- [Task details]:
Find the line with "Original 853 px/ 1280 px" in the entries below. Repeat it, every following line, and the line with "27 Hemlock Dr, LOCK", exactly and with nothing added.

- [Data supplied]:
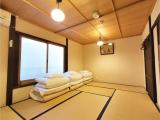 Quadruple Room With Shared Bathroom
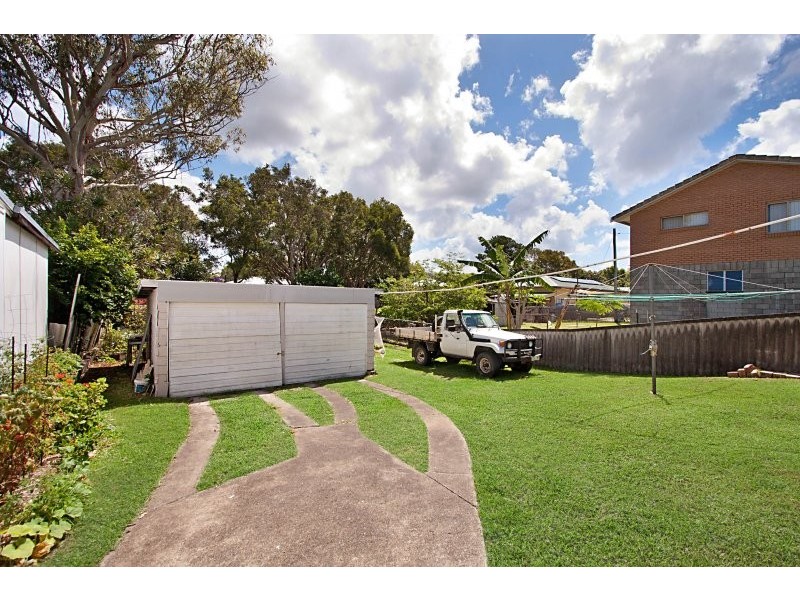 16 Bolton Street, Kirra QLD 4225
...
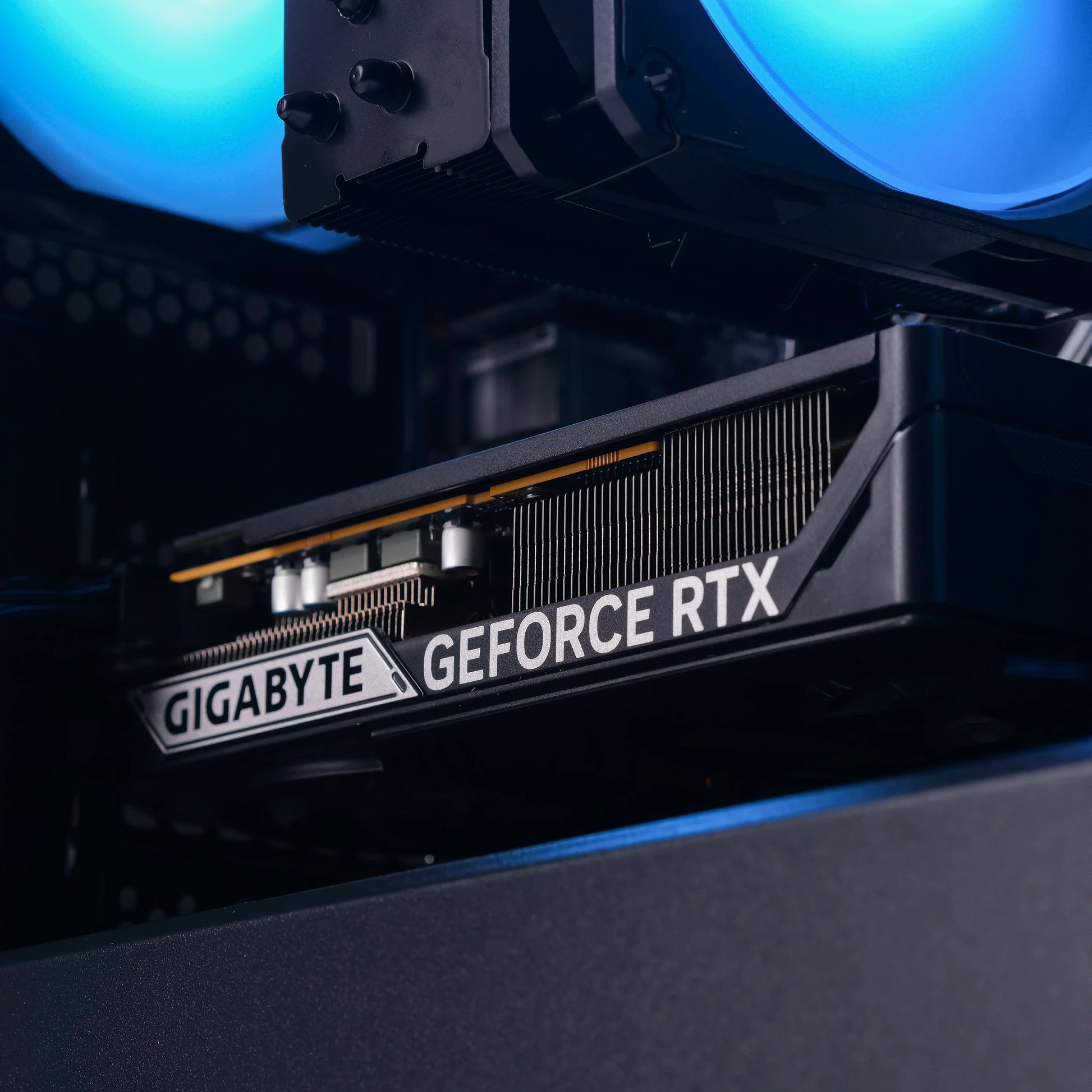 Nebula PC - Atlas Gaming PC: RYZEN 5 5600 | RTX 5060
---
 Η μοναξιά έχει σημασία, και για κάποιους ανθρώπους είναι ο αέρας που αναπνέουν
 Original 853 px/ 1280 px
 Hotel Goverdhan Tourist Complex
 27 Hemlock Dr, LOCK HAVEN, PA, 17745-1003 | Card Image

- [Task result]:
 Original 853 px/ 1280 px
 Hotel Goverdhan Tourist Complex
 27 Hemlock Dr, LOCK HAVEN, PA, 17745-1003 | Card Image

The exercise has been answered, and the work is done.